Book Review: Flash Boys by Michael Lewis
I remember what a big deal Flash Boys (amazon) was when it was released in 2014. Everyone I knew was talking about it (I was working at an investment bank back then). I am two years late but I finally finished reading it and have to say, it’s a really interesting book.
There is no denying that Michael Lewis (author of Liar’s Poker and The Big Short among others) is probably the best financial author of our times. In this book, he does a great job explaining the inner workings of high frequency trading and how high frequency trading firms have been ‘stealing’ from investors for the last few years. He explains different ways through which high frequency traders make money at the expense of ‘slow’ investors.
What’s interesting is that all this started with SEC’s introduction of Reg NMS. Reg NMS is a regulation that requires brokers to route their clients’ orders to the exchange that is providing the NBBO (national best bid offer). The intention was that clients must get the best price available at a given time. However, unintentionally, Reg NMS makes it easier for high frequency traders to pry on investors. Consider an investor who wants to buy 1 million shares of Apple. At that time, the best price is offered by NASDAQ but only 50,000 shares are available whereas NYSE has 2 million shares available but at a worse price. Because of Reg NMS, the broker must send his client’s order to NASDAQ first and then route it to NYSE. In an ideal world, that works really well because the investor is getting as good a price as he can get. However, in the real world, you have high frequency traders who notice that someone is buying Apple’s shares on NASDAQ. They use their low latency networks to reach NYSE before the broker, buy rest of the shares of Apple and sell them to the broker for a higher price! All of this happens in milli-or-nanoseconds and the investor has no idea that he was tricked into paying higher price.

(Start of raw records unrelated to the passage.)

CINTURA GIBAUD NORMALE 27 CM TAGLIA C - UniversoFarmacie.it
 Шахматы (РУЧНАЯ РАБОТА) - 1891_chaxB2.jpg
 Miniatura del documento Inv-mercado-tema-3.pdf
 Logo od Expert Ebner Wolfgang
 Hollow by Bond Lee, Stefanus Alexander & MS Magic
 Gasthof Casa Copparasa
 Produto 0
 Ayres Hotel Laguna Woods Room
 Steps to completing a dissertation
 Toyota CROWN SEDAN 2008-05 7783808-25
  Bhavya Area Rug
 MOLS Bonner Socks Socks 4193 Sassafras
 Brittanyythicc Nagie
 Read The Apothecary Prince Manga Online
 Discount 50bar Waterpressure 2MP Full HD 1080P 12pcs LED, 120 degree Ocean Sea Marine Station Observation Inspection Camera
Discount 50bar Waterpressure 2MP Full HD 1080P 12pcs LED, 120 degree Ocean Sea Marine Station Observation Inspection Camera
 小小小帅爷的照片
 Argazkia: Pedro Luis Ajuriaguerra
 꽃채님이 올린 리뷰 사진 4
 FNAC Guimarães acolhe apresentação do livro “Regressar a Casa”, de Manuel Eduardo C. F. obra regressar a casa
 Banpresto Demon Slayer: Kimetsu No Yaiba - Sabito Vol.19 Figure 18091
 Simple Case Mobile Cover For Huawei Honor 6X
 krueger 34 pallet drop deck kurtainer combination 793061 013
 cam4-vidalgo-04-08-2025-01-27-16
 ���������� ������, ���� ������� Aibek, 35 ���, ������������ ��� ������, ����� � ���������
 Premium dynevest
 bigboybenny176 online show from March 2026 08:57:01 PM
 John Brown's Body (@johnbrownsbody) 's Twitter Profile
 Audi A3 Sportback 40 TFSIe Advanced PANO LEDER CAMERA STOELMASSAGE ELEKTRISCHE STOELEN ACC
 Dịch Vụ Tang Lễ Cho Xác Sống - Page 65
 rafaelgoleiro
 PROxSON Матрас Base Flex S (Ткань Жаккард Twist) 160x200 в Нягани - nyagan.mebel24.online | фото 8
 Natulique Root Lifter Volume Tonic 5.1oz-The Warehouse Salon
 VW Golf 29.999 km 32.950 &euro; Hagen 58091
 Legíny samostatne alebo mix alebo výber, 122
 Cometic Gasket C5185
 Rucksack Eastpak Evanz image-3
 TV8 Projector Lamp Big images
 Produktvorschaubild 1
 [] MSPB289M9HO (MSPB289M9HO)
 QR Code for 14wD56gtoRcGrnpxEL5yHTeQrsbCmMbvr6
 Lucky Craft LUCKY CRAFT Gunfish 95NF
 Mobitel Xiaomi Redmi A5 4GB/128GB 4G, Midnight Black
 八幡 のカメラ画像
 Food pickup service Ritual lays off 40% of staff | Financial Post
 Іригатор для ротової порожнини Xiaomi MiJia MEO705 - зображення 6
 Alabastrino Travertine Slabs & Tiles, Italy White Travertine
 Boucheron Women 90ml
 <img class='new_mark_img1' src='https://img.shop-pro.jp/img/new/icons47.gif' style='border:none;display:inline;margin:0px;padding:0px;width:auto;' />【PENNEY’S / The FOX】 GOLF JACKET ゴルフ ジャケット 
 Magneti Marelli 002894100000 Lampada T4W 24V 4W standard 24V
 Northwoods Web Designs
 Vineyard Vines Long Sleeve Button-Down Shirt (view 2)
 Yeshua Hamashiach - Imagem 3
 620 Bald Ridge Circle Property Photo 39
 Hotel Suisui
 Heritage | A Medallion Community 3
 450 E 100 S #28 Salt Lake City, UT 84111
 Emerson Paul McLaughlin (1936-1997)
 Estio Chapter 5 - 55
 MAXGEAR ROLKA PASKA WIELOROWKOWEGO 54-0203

What’s more interesting is the role of exchanges in encouraging high frequency traders. You would think exchanges would be neutral but that’s not the case. Exchanges want to make money and the more trading that goes on their venue, the more money they make. Who executes more trades than anyone else? High frequency traders. In 2015, BATS had to pay $14 million fine for not disclosing specific order types to all of its clients. Two of the exchanges it acquired, EDGA and EDGX, had an order type called ‘hide not slide’ designed specifically for high frequency traders which allowed “the orders of some high-frequency traders to jump ahead of other orders.”
To make the US stock market fair for investors, a former Global Head of Electronic Sales and Trading at RBC, Brad Katsuyama, decided to open his own exchange called IEX which would introduce a forced delay to all orders to level the playing field. This takes away any speed advantage that high frequency traders might have. Flash Boys is the story of Brad and his fight against high frequency traders!
The book also covers the high profile case of ex Goldman Sachs developer, Sergey Aleynikov, who was charged by Goldman for stealing their code and sentenced to jail. Here is an interesting quote from the book:
“Thus the only Goldman Sachs employee arrested by the FBI in the aftermath of a financial crisis Goldman had done so much to fuel was the employee Goldman asked the FBI to arrest.”
Finally, the book briefly touches the mysterious dark pools run by investment banks. Dark pools are private exchanges which don’t have to reveal information about their trades. That means that the investment banks running these dark pools can pretty much do anything they want with them…including revealing their investors’ trade information to high frequency traders. Scott Patterson’s Dark Pools is a great book on the topic.
Overall, Flash Boys is a both entertaining and educational book. The inner workings of the high frequency trading world are unknown to many. One thing I found a little annoying was the amount of repetition in the book. I have noticed that Michael Lewis really likes to repeat his messages through out the book. Besides that, this is a great book. I would definitely recommend reading this book! You can find the book on amazon.